Automated Red Teaming and Security for GenAI Applications
Repello AI, founded in 2023 in San Francisco, focuses on securing generative AI systems through autonomous threat identification, red teaming, and runtime protection. Its platform is built to expose vulnerabilities in AI models before deployment and enforce adaptive safeguards during operation — an essential capability as organizations integrate large language models and multimodal AI into production workflows.
Repello AI’s automated red teaming engine simulates advanced attacks to uncover logic flaws, jailbreak paths, unsafe outputs, and exploitable model behaviors. These findings feed into dynamic guardrails that continuously enforce security policies with minimal disruption to application performance.
A core strength of Repello AI is its emphasis on context-aware defenses, tailoring mitigations to each model’s architecture, risk profile, and operational environment. The platform leverages self-evolving AI threat intelligence to stay ahead of emerging exploit techniques, enabling it to detect risks even when internal algorithms or training data are
inaccessible. Its solutions integrate naturally into CI/CD pipelines, allowing teams to test, validate, and patch model vulnerabilities early in the development cycle and automatically re-evaluate them as models evolve.

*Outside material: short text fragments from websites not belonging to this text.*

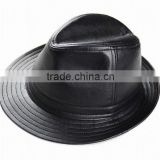 Men's Real Sheepskin Leather Black Bucket Cap/ Fedora hat /Gentleman Hat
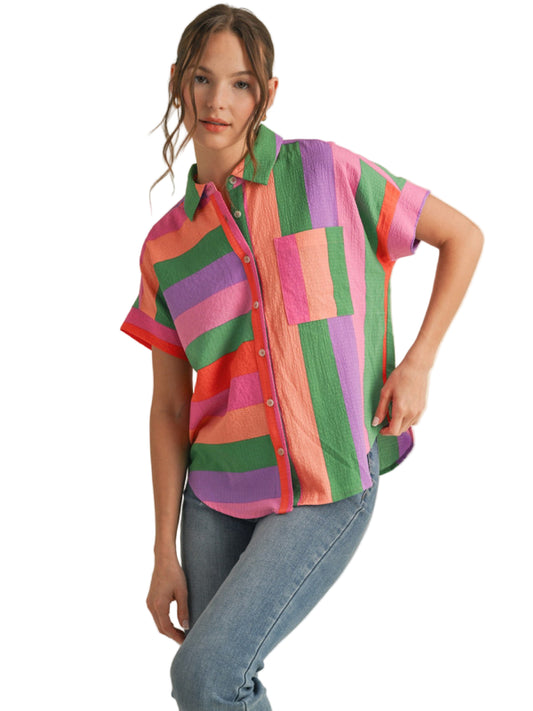 Multicolor stripes print top with collared neck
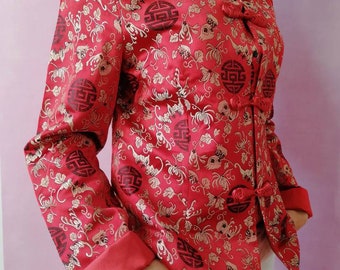 Chinese Jacket, 90s Vintage Blazer, Oriental Style, Red Silk Chinese Jacket, 90s Vintage Blazer, Oriental Style, Red Silk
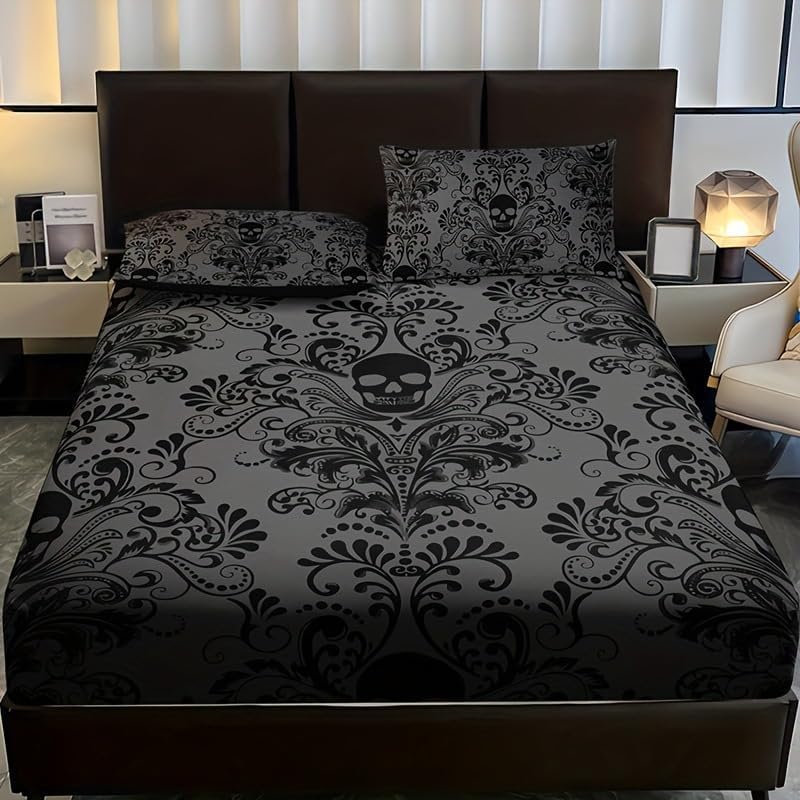 Black Skull Fitted Sheet Set - 3 Pieces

Repello AI works closely with regulated industries such as telecommunications, finance, and healthcare, where AI-driven systems must meet strict compliance and safety standards. Beyond technical defenses, the company invests in community-driven awareness programs — including interactive challenges centered on ethical AI Security — to help expand industry-wide expertise.

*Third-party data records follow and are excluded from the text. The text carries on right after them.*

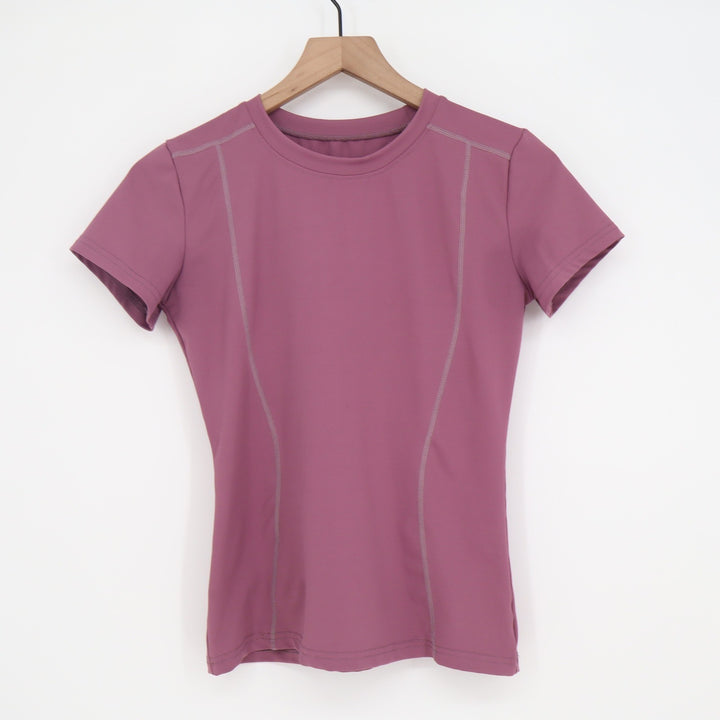 Unbranded Athletic Shirt Womens S Plum Short Sleeve Flatlock Seam Excellent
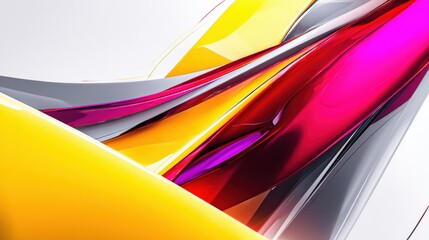Vibrant abstract design featuring flowing colors of yellow, pink, and purple against a light background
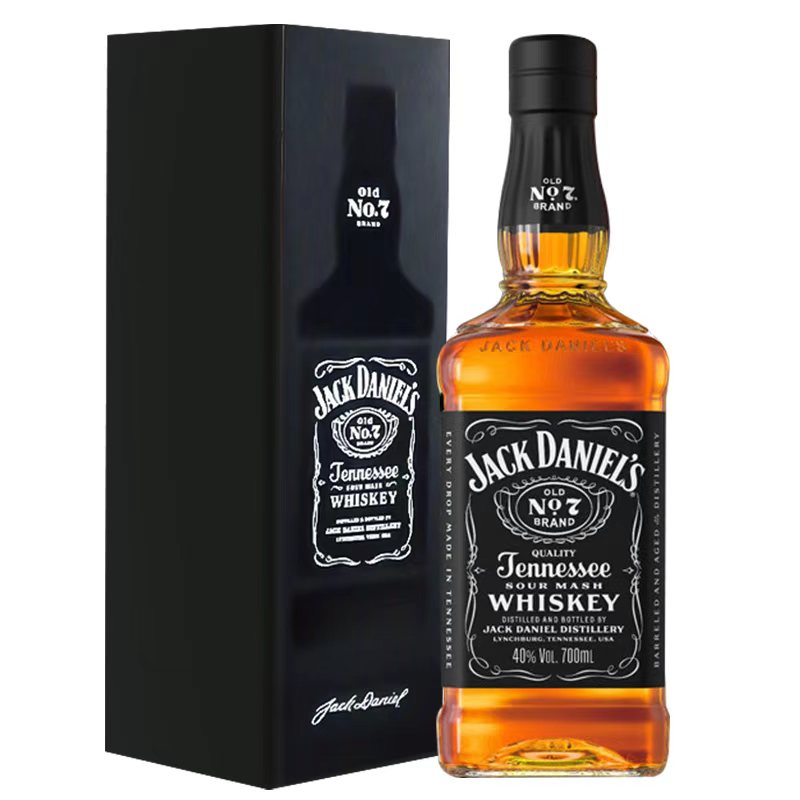 杰克丹尼调和型威士忌40度700ml 美国田纳西州原瓶进口洋酒带礼盒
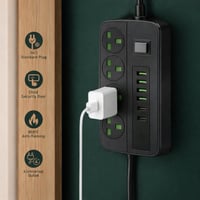 توصيله كهرباء 5 أمتار 3000W متعددة المخارج مع USB...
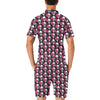 Pink Rose Skull Themed Print Men's Romper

The company raised $1.2 million in seed funding in June 2025 from a host of investors, including Venture Highway (acquired by General Catalyst), pi Ventures, Entrepreneurs First and visionary angels.
Repello AI represents one of the earliest specialized players in AI offensive security. Its work underscores a central theme of this book: as generative models reshape digital infrastructure, organizations need autonomous systems capable of probing, hardening, and governing AI at the same speed with which it learns and adapts.